Your goal:
Give back the data exactly, with no images.

Caption-style text data

________________________________________

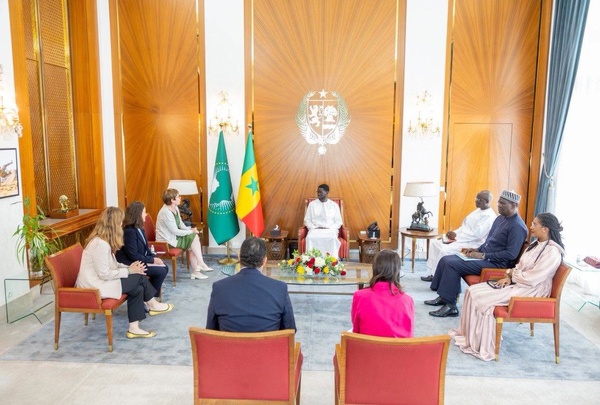 Palais présidentiel: Le Chef de l'État Bassirou Diomaye Faye reçoit la Présidente de la BERD pour propulser le secteur privé Palais présidentiel: Le Chef de l'État Bassirou Diomaye Faye reçoit la Présidente de la BERD pour propulser le secteur privé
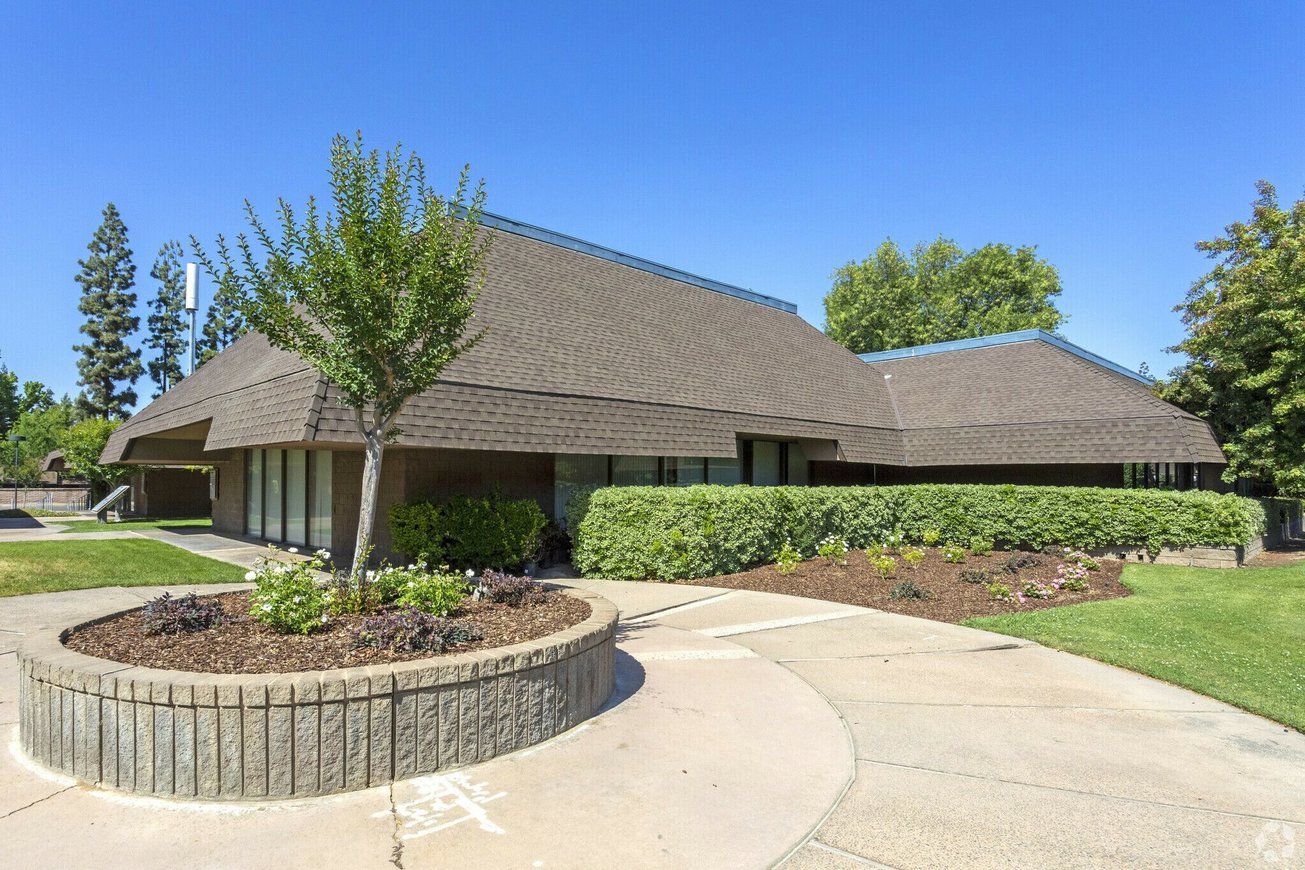 2350 W Shaw Ave Office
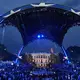 Die gewaltige Kuppelkonstruktion namens «The Claw» (die Kralle) lässt sogar das Weiße Haus klein wirken.  - Bild: Alex Brandon/AP/dpa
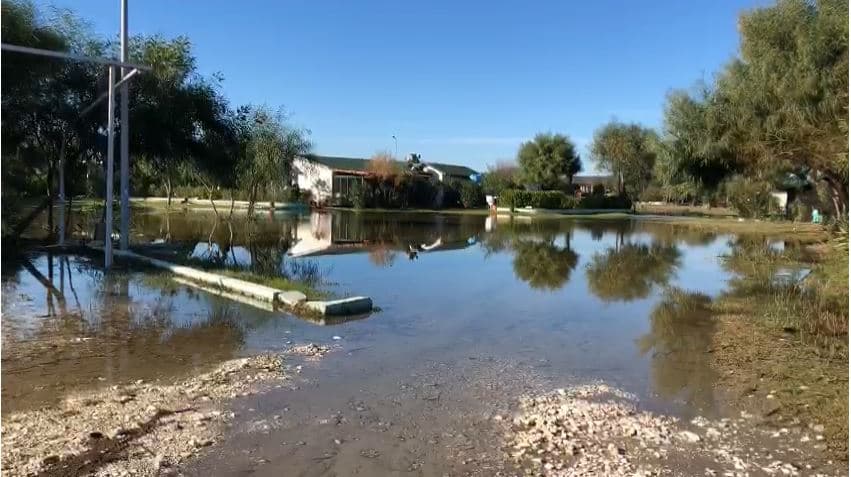 Video/ Vlora ende nën ‘pushtetin’ e ujit, rrugët e bllokuara, asnjë masë e marrë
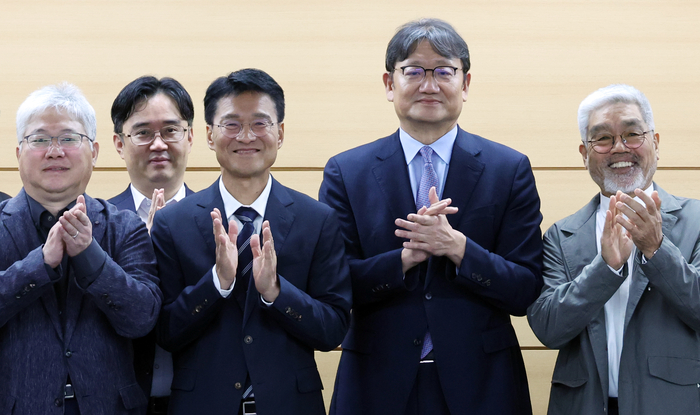 권기섭 경제사회노동위원회 위원장이 28일 서울 종로구 경사노위에서 교원근로시간면제심의위원회 위원들과 기념촬영을 하고 있다. 앞줄 왼쪽부터 윤종혁 교원근면위 위원장, 김용서 위원장, 권기섭 위원장, 이장원 교사노조 사무총장. 연합뉴스.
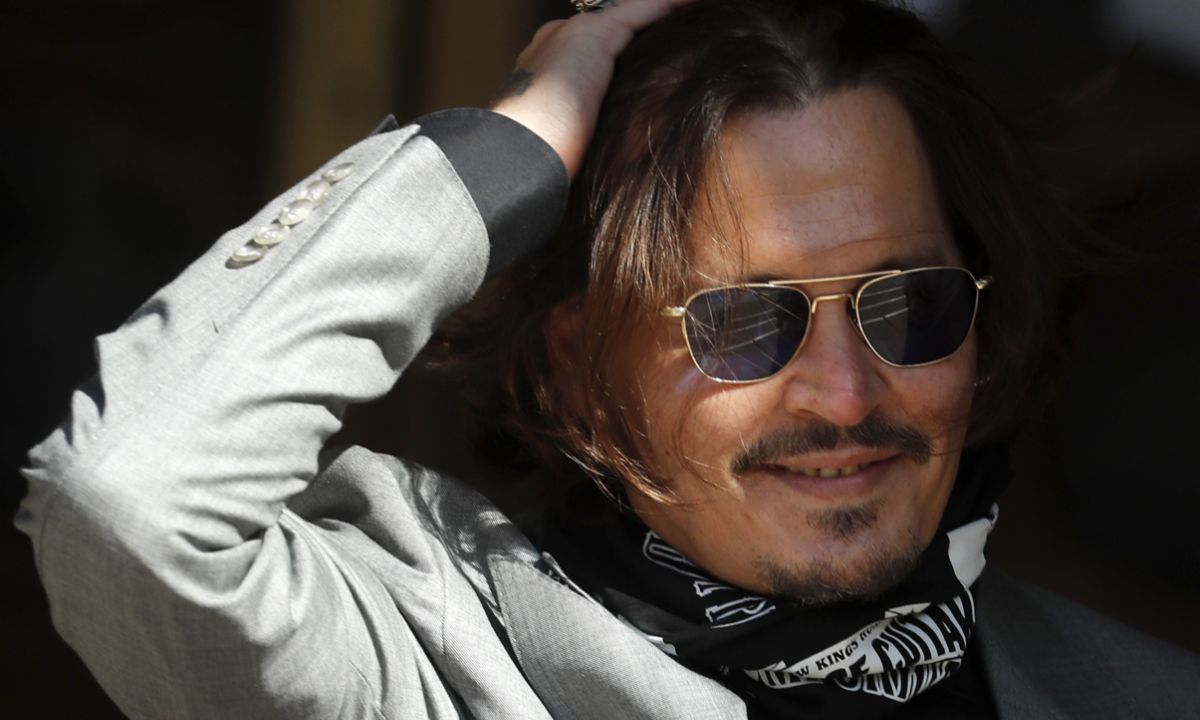 Ο Johnny Depp αποκάλυψε πόσα χρήματα έχασε λόγω της διαμάχης του με τη Heard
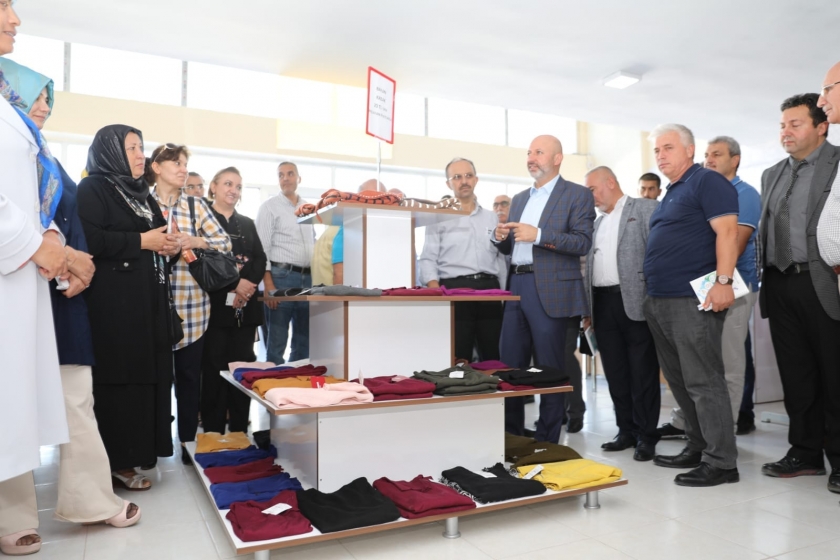BAŞKAN ÇOLAKBAYRAKDAR, “SOSYAL BELEDİYECİLİKTE ÇIĞIR AÇTIK”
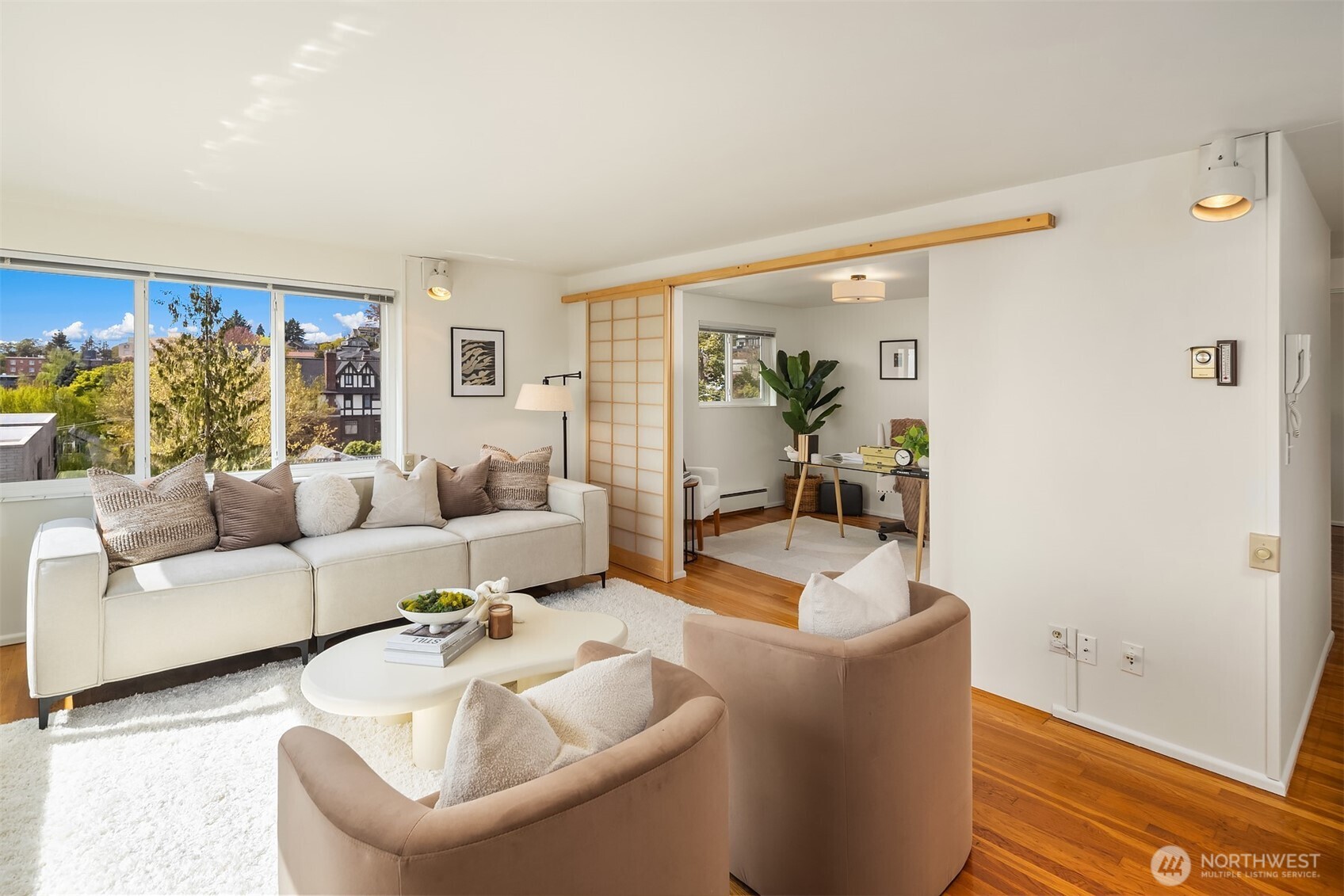 919 2nd Avenue W #602, Seattle, WA 98119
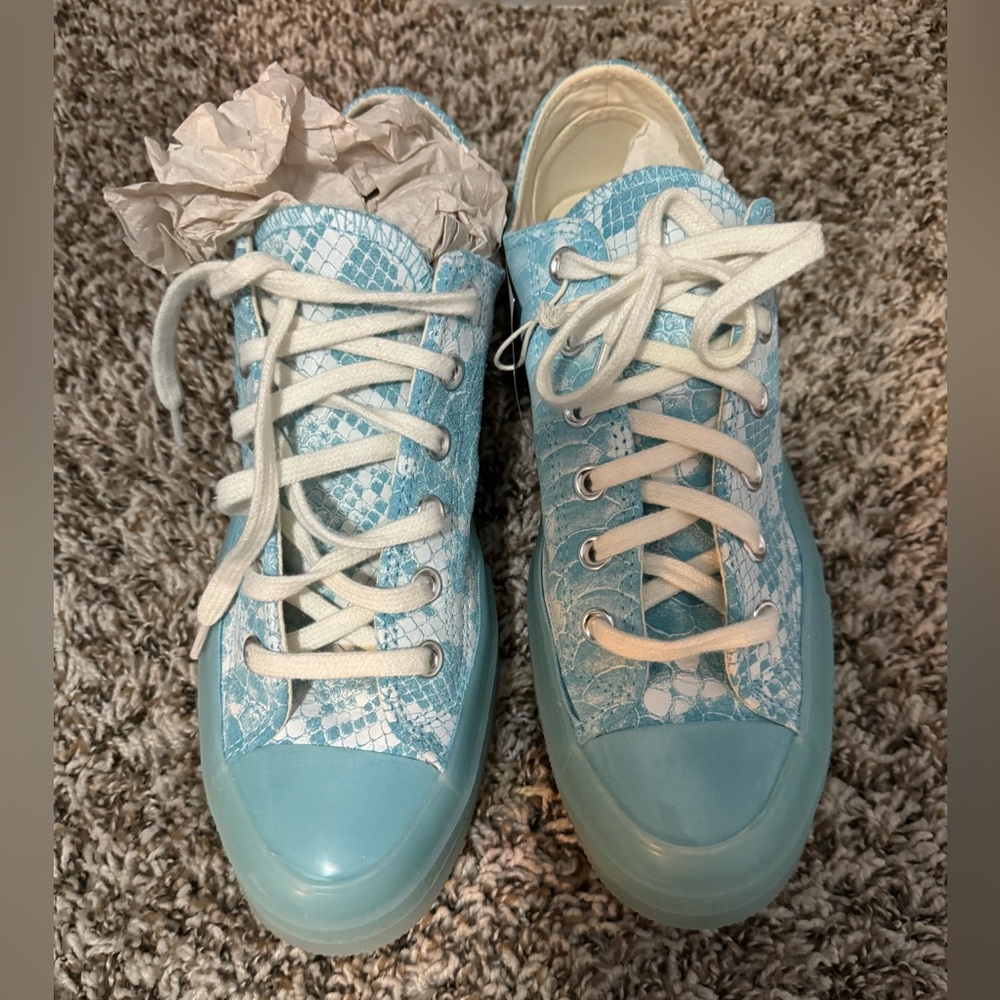 Women’s NEW converse blue sneakers size 9.5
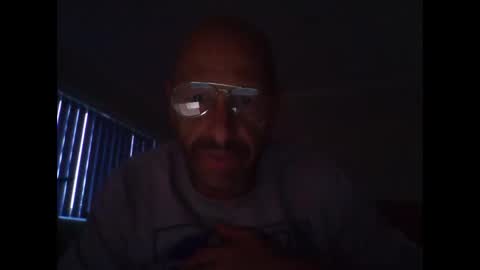 aussieguy59660 online show from November 24, 8:59 am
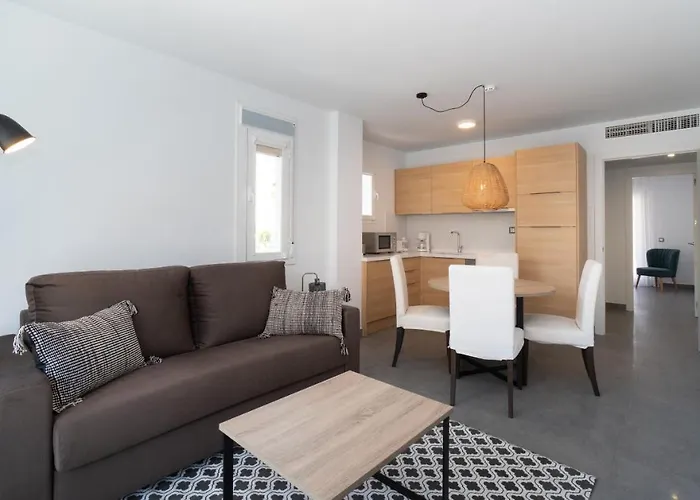 شقة فندقية Sur La Dorada, Centricos Soleados A Pocos Metros De La Playa Y Con Parking Opcional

________________________________________

Answer space:
 Palais présidentiel: Le Chef de l'État Bassirou Diomaye Faye reçoit la Présidente de la BERD pour propulser le secteur privé Palais présidentiel: Le Chef de l'État Bassirou Diomaye Faye reçoit la Présidente de la BERD pour propulser le secteur privé
 2350 W Shaw Ave Office
 Die gewaltige Kuppelkonstruktion namens «The Claw» (die Kralle) lässt sogar das Weiße Haus klein wirken.  - Bild: Alex Brandon/AP/dpa
 Video/ Vlora ende nën ‘pushtetin’ e ujit, rrugët e bllokuara, asnjë masë e marrë
 권기섭 경제사회노동위원회 위원장이 28일 서울 종로구 경사노위에서 교원근로시간면제심의위원회 위원들과 기념촬영을 하고 있다. 앞줄 왼쪽부터 윤종혁 교원근면위 위원장, 김용서 위원장, 권기섭 위원장, 이장원 교사노조 사무총장. 연합뉴스.
 Ο Johnny Depp αποκάλυψε πόσα χρήματα έχασε λόγω της διαμάχης του με τη Heard
BAŞKAN ÇOLAKBAYRAKDAR, “SOSYAL BELEDİYECİLİKTE ÇIĞIR AÇTIK”
 919 2nd Avenue W #602, Seattle, WA 98119
 Women’s NEW converse blue sneakers size 9.5
 aussieguy59660 online show from November 24, 8:59 am
 شقة فندقية Sur La Dorada, Centricos Soleados A Pocos Metros De La Playa Y Con Parking Opcional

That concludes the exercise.